The parkway is broken up into six sections, based on the geological features it passes through.
- Great Smoky Mountains Region: Near the National Park and within Tennessee.
- Pisgah Region: This stretches from the official southern terminus of the parkway in Cherokee up to milepost 340 in Crabtree Falls.
- Highlands Region: Continuing up from Crabtree Falls up to the Virginia/North Carolina border at milepost 217.
- Plateau Region: From the VA/NC border to Roanoke, VA (milepost 106)
- Ridge Region: From Roanoke to the north terminus at Rockfish Gap.
- Shenandoah Region: This includes Skyline Drive through Shenandoah National Park.
The next location is 162 miles away (~4 hours).
The drive from Afton to Washington, DC could take 2.5 hours (about 120 miles), but this is a road trip! We are going to instead take Skyline Drive through Shenandoah National Park. Skyline Drive actually picks up right where the Blue Ridge Parkway ends… they are actually the same road!
Shenandoah National Park
The Shenandoah National Park follows the Blue Ridge Mountains for 105 miles (169 km) in Central Virginia. The park is broken up into three sections, each designated by roads bisecting Skyline Drive along the ridge of the mountain range.
The most popular time to visit the park is during autumn, when the leaves begin to change. If you decide to visit at this time as well, expect long lines at entrance stations and traffic along Skyline Drive.
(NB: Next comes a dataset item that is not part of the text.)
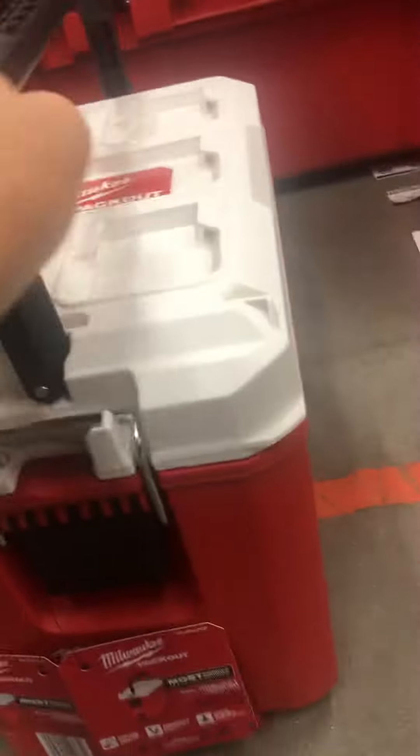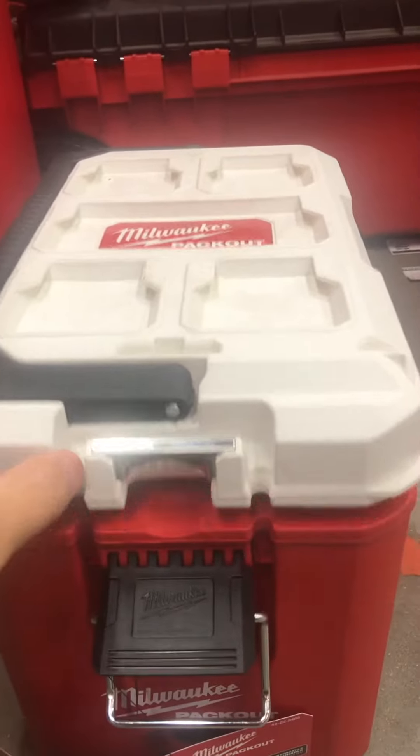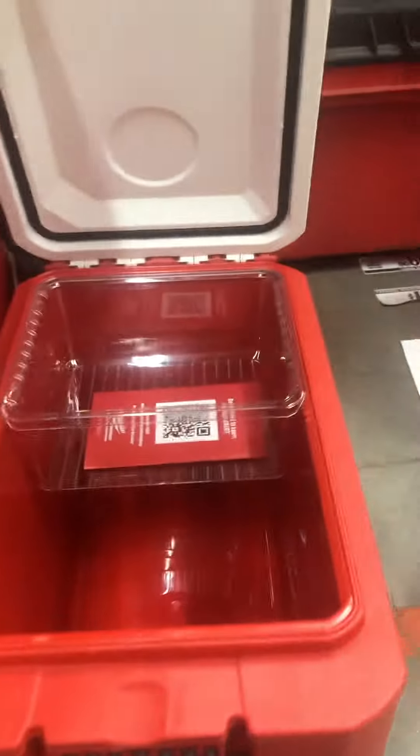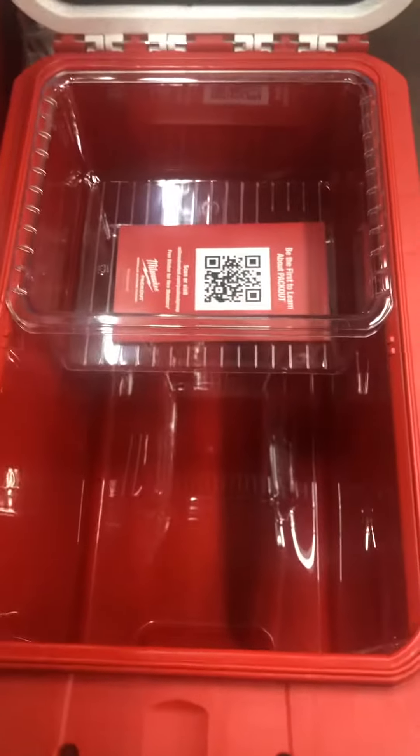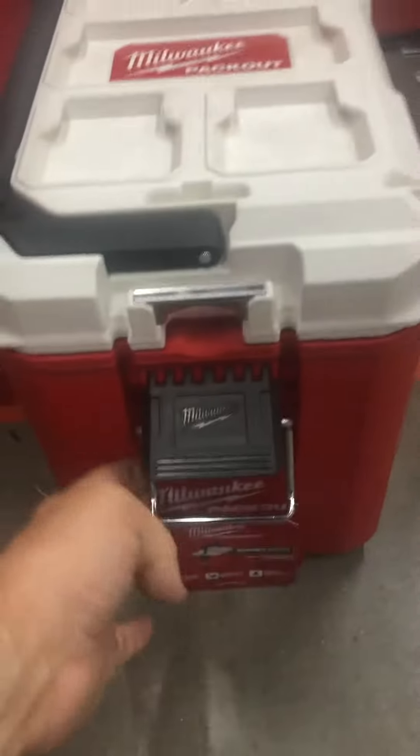Then we've got the Milwaukee PACKOUT cooler — one of my favorites. I'm not too happy about the white cover, it could get very dirty. But it'll keep your beers, your food, your lunch nice and cold. That's right, folks.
Since we will only be spending the day here, you probably don’t need a place to spend the night. However, Afton, VA at the beginning of the Skyline Drive and Front Royal, VA at the end are good places to investigate.
Spend the nights near whichever DC airport you chose. There are two major Washington, DC airports (Dulles and Reagan), so we suggest looking at both to find the best prices. Regan is closer to downtown DC, which is why we didn’t choose it for this trip. Dulles is more west, and closer to the exit of Shenandoah NP.